After the carriage 32 moves to the end of the printable region PL in the −X direction, the control unit 91 controls the printing unit 30 to execute printing for one round trip on the medium M1 to M3 in step S110. That is, the control unit 91 causes the ink to be ejected from the ejection head 31 based on the edited image data while moving the carriage 32 in the +X direction, and causes the ink to be ejected from the ejection head 31 based on the edited image data while moving the carriage 32 in the −X direction. In this case, the timing at which the ink is ejected when the carriage 32 moves in the +X direction and a timing at which the ink is ejected when the carriage 32 is moving in the −X direction are adjusted according to the adjustment amount for each of the medium M1 to M3. That is, the control unit 91 adjusts the landing position based on the adjustment amount determined for each of the medium M1 to M3, and causes the ink to be ejected from the ejection head 31 to the ejection range of the plurality of media M1 to M3. Therefore, in all the medium M1 to M3, the deviation of the landing position caused by the bi-directional printing is curbed.

In step S111, the control unit 91 repeatedly determines whether printing based on the edited image data has all ended. When the printing does not yet end (step S111: NO), the control unit 91 transports the medium M1 to M3 in the +Y direction by a predetermined amount, then returns the processing to step S110 to execute printing for one more round trip, and repeats step S110 until all printing ends. On the other hand, when the printing based on the edited image data has all ended (step S111: YES), the control unit 91 executes predetermined termination processing and then ends the printing operation.

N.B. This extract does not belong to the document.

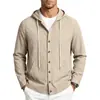 2026 Camisa de lino con capucha de manga larga para hombre estilo americano otoño e invierno transfronteriza, chaqueta con capucha tejida de color liso con cordón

As described above, according to the printer 10 and liquid ejection method of the present embodiment, the following effects can be obtained.

According to the present embodiment, the control unit 91 determines the adjustment amount for adjusting the landing position of the ink for each medium M based on a detection result of the second detection unit 42 which detects the thickness of the medium M. Accordingly, it is possible to adjust the landing position of the ink with the adjustment amount suitable for each thickness with respect to the plurality of media M arranged on the glue belt 22, and thus to curb the deviation of the landing position in the bidirectional printing for each medium M. Further, since the ejection range of the ink is set based on the detection result of the first detection unit 41 which detects the end portion of the medium M, it is possible to curb the ink from being ejected to the outside of the medium M.

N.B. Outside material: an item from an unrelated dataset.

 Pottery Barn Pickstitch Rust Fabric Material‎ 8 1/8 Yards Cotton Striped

According to the present embodiment, since the first detection unit 41 and the second detection unit 42 are mounted on the carriage 32, it is easy to detect the end portion or the thickness of the medium M in the X-axis direction.

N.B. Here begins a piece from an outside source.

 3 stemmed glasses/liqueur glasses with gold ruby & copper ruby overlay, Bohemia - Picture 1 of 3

According to the present embodiment, since the color of the glue belt 22 is different from the color of the medium M, it is possible to accurately detect the end portion of the medium M using the first detection unit 41 which is the reflective optical sensor.

2. Second Embodiment

Hereinafter, a printer 10 of a second embodiment will be described with reference to the drawings. Since the printer 10 of the present embodiment has the same hardware configuration as the printer 10 of the first embodiment, description thereof will be omitted. In the second embodiment, an operation when printing is performed on a small piece of the medium M is different from that in the first embodiment.

FIG. 7 is a plan view illustrating a state in which three media M4 to M6 which are small pieces of media M are arranged on the glue belt 22.

When printing is collectively performed on a plurality of small pieces of media M4 to M6, the medium M4 to M6 are arranged on the glue belt 22 along the X-axis by the user as illustrated in FIG. 7, for example. The media M4 to M6 are made of different types of materials and are not the same in thicknesses. Further, in the present embodiment, scraps are used as the medium M4 to M6, and shapes or sizes of the medium M4 to M6 are not unified.

The plurality of media M4 to M6 are disposed, for example, on the −Y side of the carriage guide 33, that is, on the upstream side in the transport direction. Thereafter, the medium M4 to M6 are transported in the +Y direction, and when an end portion on the +Y side of at least one of the medium M4 to M6 reaches the position intersecting the movement path of the ejection head 31, the user causes the printer 10 to start printing on the medium M4 to M6. It is assumed that the carriage 32 is located in the retraction region NPL before the start of printing.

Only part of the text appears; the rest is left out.